This is a past event
Time
5:30 pm to 7:00 pm
Location

Hybrid | Online-via Zoom & IHR Wolfson Room NB01, Basement, IHR, Senate House, Malet Street, London WC1E 7HU

Institute

Institute of Historical Research

Event type

Seminar

Event series

Life-Cycles

Speakers

Carrie Long (Durham)

Contact

Email only

This paper explores naval widows’ pension petitions in the nineteenth century. Access to a pension, whilst a popularly advertised benefit to naval families, was in practice a discretionary and competitive form of relief. Widows could find themselves disqualified due to rule changes and their fates were subject to the whims of officials. These officials used their discretion to distinguish who was a ‘proper object’ of support and made examples of those deemed undeserving. Petitionary evidence highlights the agency that lone women exercised to negotiate and access the relief they saw themselves as entitled to as naval widows and mothers.

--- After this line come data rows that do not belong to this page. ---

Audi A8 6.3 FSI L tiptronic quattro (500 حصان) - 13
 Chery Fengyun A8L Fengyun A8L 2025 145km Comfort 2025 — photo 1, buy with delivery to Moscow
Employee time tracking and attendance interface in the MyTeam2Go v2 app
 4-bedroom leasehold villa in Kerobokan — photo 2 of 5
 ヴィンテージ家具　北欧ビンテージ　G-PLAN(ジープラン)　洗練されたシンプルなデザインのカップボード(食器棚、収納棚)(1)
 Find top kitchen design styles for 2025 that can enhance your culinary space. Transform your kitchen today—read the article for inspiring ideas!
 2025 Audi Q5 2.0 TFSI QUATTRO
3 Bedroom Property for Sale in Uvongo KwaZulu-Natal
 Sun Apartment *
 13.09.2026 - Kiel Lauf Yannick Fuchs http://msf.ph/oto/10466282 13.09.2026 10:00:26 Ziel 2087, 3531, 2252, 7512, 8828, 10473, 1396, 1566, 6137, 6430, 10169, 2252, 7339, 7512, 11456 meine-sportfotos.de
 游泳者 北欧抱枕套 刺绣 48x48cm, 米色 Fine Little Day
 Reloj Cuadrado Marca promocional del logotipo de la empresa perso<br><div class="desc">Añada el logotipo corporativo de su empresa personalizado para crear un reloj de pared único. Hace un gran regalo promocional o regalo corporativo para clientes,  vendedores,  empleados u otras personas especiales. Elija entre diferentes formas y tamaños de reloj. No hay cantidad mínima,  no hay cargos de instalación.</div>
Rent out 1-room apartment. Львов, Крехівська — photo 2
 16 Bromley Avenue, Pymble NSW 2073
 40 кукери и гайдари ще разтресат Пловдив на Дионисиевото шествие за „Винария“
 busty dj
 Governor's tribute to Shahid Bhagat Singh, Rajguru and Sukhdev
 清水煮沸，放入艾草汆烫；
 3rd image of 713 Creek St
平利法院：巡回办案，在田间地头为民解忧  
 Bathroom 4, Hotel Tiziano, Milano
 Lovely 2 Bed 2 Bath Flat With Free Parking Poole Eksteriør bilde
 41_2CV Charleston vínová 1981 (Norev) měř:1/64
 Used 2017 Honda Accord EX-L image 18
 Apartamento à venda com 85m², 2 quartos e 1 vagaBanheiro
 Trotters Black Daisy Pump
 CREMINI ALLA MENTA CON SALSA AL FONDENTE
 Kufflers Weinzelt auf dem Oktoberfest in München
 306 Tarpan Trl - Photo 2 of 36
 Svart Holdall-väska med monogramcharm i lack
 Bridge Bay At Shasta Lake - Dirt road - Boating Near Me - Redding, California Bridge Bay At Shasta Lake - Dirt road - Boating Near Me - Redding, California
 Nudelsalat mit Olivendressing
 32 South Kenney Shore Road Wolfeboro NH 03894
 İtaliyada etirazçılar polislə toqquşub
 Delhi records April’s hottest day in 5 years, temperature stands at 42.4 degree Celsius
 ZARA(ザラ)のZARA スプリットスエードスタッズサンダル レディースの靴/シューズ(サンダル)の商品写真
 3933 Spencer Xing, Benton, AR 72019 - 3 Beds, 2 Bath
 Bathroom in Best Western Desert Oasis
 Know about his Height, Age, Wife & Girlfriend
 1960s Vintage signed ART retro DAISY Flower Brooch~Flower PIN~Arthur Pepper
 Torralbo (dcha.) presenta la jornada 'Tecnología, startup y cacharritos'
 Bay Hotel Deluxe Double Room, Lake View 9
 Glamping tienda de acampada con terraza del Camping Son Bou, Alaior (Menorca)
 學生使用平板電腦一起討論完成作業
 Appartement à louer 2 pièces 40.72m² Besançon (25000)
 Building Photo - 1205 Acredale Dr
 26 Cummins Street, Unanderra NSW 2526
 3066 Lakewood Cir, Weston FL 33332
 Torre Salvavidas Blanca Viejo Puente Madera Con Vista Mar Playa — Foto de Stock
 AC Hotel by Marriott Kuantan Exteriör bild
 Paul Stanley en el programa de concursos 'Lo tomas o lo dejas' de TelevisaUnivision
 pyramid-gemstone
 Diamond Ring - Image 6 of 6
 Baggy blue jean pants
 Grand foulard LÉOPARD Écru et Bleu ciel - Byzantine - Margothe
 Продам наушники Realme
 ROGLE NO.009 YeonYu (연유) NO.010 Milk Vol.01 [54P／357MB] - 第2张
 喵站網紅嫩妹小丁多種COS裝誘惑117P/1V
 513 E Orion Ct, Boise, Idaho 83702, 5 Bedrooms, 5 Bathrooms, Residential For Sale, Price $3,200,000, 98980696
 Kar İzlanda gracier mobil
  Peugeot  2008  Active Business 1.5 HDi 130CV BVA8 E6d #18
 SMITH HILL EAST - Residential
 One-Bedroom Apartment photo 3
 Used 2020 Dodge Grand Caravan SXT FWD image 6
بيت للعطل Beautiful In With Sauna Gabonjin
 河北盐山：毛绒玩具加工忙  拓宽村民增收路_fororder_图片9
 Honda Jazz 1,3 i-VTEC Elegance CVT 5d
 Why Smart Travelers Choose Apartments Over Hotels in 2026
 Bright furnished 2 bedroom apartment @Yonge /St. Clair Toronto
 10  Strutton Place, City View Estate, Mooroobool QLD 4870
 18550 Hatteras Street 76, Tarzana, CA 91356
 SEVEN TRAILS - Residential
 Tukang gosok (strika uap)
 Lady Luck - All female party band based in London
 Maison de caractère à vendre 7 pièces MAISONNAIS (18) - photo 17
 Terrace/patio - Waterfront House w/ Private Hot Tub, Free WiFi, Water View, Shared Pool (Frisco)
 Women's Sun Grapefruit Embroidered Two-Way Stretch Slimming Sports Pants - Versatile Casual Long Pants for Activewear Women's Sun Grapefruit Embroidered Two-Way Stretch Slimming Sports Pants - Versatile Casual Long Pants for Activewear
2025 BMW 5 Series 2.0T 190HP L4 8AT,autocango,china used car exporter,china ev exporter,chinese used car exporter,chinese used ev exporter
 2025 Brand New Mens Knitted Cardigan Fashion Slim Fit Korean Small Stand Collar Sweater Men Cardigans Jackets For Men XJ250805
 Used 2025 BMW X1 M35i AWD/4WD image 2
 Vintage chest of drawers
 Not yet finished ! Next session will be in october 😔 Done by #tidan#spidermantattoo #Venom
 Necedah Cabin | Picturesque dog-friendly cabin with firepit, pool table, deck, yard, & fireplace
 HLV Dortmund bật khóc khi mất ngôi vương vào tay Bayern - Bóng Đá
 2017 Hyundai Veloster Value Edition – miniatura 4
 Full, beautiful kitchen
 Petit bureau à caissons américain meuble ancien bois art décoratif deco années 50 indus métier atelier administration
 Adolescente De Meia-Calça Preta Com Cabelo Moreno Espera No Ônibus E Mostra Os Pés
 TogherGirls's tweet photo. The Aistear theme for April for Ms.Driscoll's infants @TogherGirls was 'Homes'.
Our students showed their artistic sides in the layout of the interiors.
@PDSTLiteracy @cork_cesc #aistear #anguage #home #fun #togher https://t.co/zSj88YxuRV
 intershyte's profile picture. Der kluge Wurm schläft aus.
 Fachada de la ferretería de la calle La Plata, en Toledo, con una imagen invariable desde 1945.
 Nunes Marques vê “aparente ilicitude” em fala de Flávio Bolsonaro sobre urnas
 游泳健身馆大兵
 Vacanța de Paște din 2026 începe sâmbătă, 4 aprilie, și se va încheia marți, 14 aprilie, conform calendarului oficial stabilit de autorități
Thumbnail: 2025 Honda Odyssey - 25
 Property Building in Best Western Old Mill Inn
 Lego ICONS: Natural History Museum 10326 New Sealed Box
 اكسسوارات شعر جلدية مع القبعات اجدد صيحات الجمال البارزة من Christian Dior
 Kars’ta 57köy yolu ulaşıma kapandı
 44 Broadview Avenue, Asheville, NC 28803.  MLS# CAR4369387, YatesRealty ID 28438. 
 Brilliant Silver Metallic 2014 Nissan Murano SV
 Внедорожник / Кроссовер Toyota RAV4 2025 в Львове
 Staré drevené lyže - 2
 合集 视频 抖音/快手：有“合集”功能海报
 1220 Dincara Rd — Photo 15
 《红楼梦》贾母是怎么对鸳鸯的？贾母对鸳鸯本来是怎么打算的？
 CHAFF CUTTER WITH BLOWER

These petitions reveal that women relied on a mixture of strategies to access relief and manage the constant threat of poverty, particularly as they aged, in a society which privileged the work opportunities of male breadwinners. 
 
To explore this challenging period in a maritime woman’s lifecycle, this paper will draw on a case study of petitioner Catherine Lamburn, who wrote thirty-four appeals over a twenty-eight-year period, 1819 -1847. It will chart Lamburn’s practical actions and the evolving linguistic strategies within her petitions, demonstrating the way in which her experience of widowhood changed over the course of her lifecycle. The paper also considers the power relations between Lamburn and the different institutions she interacted with, their responses to her negotiations, and how she changed her demands over time. Wider social and cultural attitudes towards charity and perceived ‘deservingness’ in the nineteenth-century will also be explored through Lamburn’s discussions of her age, nationalism, motherhood, and gender.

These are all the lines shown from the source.